P0 criteria (all must be true):

  • Blocks core functionality
  • High-risk (score ≥6)
  • No workaround exists
  • Affects majority of users

P1 criteria:

  • Important feature
  • Medium risk (score 3-5)
  • Workaround exists but difficult

P2/P3: Everything else, prioritized by value

Knowledge Base Integration

Core Fragments (Auto-loaded in Step 1):

  • risk-governance.md - Risk classification (6 categories), automated scoring, gate decision engine, coverage traceability, owner tracking (625 lines, 4 examples)
  • probability-impact.md - Probability × impact matrix, automated classification thresholds, dynamic re-assessment, gate integration (604 lines, 4 examples)
  • test-levels-framework.md - E2E vs API vs Component vs Unit decision framework with characteristics matrix (467 lines, 4 examples)
  • test-priorities-matrix.md - P0-P3 automated priority calculation, risk-based mapping, tagging strategy, time budgets (389 lines, 2 examples)

Reference for Test Planning:

  • selective-testing.md - Execution strategy: tag-based, spec filters, diff-based selection, promotion rules (727 lines, 4 examples)
  • fixture-architecture.md - Data setup patterns: pure function → fixture → mergeTests, auto-cleanup (406 lines, 5 examples)

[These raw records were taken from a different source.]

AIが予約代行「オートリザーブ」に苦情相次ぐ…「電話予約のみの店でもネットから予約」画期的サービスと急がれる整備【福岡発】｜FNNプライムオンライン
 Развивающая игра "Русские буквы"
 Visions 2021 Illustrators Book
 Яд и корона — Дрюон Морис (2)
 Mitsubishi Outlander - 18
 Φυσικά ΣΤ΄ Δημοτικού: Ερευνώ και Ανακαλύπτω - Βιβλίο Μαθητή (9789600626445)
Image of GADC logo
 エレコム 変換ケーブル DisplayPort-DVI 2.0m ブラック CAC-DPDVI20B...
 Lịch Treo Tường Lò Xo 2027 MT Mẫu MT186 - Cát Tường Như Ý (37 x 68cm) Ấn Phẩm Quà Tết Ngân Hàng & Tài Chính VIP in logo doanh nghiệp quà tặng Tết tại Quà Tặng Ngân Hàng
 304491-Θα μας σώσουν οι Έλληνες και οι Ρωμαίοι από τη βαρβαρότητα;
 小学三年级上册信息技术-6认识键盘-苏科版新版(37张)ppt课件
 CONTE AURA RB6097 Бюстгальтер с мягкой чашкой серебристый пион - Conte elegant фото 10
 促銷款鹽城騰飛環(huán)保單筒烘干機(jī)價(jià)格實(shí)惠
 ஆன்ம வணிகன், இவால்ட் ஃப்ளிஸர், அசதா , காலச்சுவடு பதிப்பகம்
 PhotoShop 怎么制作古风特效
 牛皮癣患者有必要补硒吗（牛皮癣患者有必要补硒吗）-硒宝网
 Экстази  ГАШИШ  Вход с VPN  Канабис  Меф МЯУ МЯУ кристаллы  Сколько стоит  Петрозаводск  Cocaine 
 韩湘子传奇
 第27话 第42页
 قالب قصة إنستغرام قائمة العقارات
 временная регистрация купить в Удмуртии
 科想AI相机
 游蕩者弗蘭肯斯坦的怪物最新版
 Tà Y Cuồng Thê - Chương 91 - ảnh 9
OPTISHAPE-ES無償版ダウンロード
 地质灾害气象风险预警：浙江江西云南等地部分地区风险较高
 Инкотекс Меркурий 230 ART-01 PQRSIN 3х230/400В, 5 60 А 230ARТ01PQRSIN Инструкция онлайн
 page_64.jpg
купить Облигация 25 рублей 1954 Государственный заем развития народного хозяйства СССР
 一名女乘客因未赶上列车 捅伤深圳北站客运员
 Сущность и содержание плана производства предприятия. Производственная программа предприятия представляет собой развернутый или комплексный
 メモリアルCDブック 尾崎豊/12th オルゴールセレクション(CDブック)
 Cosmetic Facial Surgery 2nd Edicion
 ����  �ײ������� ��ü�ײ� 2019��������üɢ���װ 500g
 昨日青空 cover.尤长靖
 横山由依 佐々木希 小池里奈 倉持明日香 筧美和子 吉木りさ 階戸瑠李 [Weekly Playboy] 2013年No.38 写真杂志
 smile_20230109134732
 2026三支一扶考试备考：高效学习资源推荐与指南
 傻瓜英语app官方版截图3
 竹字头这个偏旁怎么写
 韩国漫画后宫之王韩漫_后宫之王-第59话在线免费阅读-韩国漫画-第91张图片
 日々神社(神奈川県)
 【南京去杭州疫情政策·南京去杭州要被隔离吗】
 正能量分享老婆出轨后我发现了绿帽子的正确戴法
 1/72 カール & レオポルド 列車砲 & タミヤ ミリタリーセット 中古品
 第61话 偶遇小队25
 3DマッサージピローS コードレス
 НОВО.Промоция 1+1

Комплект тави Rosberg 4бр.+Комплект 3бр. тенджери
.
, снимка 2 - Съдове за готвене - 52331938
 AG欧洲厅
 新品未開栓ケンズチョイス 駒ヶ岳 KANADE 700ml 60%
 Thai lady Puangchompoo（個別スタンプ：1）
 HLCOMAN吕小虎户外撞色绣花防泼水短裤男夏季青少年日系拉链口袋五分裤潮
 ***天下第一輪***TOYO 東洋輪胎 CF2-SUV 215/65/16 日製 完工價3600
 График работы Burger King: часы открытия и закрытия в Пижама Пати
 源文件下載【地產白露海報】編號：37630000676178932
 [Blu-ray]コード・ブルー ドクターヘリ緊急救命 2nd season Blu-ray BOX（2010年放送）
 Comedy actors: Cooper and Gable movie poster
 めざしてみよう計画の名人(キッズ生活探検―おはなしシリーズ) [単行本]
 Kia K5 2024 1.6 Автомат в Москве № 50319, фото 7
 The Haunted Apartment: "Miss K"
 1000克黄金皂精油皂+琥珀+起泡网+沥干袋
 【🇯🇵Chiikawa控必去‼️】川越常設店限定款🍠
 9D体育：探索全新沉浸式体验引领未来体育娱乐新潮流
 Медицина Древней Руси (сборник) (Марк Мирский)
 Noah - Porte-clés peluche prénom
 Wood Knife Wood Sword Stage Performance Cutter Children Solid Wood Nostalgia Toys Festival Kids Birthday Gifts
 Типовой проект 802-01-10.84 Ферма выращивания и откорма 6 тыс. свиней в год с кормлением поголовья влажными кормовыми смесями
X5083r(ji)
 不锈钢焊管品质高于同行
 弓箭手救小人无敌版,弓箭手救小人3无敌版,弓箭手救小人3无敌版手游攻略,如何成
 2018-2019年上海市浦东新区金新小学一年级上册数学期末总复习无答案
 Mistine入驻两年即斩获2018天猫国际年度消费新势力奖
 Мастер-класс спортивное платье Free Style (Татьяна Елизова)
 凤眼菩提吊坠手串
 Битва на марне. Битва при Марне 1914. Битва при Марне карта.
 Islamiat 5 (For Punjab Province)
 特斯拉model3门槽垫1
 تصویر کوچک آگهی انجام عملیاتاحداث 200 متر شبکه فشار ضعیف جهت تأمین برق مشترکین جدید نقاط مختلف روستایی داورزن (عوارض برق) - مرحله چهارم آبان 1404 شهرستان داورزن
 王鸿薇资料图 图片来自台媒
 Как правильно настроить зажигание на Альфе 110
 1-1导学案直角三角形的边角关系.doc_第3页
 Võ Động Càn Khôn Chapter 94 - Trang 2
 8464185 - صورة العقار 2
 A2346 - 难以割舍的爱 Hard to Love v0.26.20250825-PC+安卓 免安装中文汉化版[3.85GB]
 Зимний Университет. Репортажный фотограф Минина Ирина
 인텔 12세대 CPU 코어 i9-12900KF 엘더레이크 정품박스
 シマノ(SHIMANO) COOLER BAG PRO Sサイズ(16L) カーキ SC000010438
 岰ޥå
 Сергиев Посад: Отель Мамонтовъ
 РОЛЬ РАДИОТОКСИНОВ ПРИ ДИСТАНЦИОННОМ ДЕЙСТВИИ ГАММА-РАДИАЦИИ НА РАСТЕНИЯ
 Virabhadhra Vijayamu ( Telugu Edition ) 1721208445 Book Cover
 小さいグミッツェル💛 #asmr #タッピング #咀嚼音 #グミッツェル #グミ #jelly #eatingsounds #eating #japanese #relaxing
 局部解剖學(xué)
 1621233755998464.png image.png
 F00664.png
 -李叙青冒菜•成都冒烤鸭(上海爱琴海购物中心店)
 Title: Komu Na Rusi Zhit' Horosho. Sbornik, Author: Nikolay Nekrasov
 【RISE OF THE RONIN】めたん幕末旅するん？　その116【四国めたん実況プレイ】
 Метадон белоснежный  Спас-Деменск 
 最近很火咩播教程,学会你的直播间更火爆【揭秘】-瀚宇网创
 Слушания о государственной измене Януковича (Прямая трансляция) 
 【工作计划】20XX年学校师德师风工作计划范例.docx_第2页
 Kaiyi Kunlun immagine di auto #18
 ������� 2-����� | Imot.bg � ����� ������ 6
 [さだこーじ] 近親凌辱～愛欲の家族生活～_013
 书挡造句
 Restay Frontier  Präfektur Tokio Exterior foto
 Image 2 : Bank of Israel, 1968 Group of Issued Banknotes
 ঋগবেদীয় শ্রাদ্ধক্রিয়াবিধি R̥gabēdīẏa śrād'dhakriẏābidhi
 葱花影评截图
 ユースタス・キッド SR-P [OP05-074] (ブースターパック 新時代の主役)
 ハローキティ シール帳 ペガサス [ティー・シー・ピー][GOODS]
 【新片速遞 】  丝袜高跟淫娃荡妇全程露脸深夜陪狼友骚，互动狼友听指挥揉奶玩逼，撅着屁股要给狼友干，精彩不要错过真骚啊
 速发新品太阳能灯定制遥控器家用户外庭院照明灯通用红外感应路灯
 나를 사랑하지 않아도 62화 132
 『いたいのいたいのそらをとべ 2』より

Manual Reference (Optional):

  • Use tea-index.csv to find additional specialized fragments as needed

Evidence-Based Assessment

Critical principle: Base risk assessment on evidence, not speculation.

Evidence sources:

  • PRD and user research
  • Architecture documentation
  • Historical bug data
  • User feedback
  • Security audit results

Avoid:

  • Guessing business impact
  • Assuming user behavior
  • Inventing requirements

When uncertain: Document assumptions and request clarification from user.

Output Summary

After completing this workflow, provide a summary:

## Test Design Complete

**Epic**: {epic_num}
**Scope**: {design_level}

**Risk Assessment**:

- Total risks identified: {count}
- High-priority risks (≥6): {high_count}
- Categories: {categories}

**Coverage Plan**:

- P0 scenarios: {p0_count} ({p0_hours} hours)
- P1 scenarios: {p1_count} ({p1_hours} hours)
- P2/P3 scenarios: {p2p3_count} ({p2p3_hours} hours)
- **Total effort**: {total_hours} hours (~{total_days} days)

**Test Levels**:

- E2E: {e2e_count}
- API: {api_count}
- Component: {component_count}
- Unit: {unit_count}

**Quality Gate Criteria**:

- P0 pass rate: 100%
- P1 pass rate: ≥95%
- High-risk mitigations: 100%
- Coverage: ≥80%

**Output File**: {output_file}

**Next Steps**:

1. Review risk assessment with team
2. Prioritize mitigation for high-risk items (score ≥6)
3. Run `*atdd` to generate failing tests for P0 scenarios (separate workflow; not auto-run by `*test-design`)
4. Allocate resources per effort estimates
5. Set up test data factories and fixtures

Validation

After completing all steps, verify:

  • Risk assessment complete with all categories
  • All risks scored (probability × impact)
  • High-priority risks (≥6) flagged
  • Coverage matrix maps requirements to test levels
  • Priority levels assigned (P0-P3)
  • Execution order defined
  • Resource estimates provided
  • Quality gate criteria defined
  • Output file created and formatted correctly

Refer to checklist.md for comprehensive validation criteria.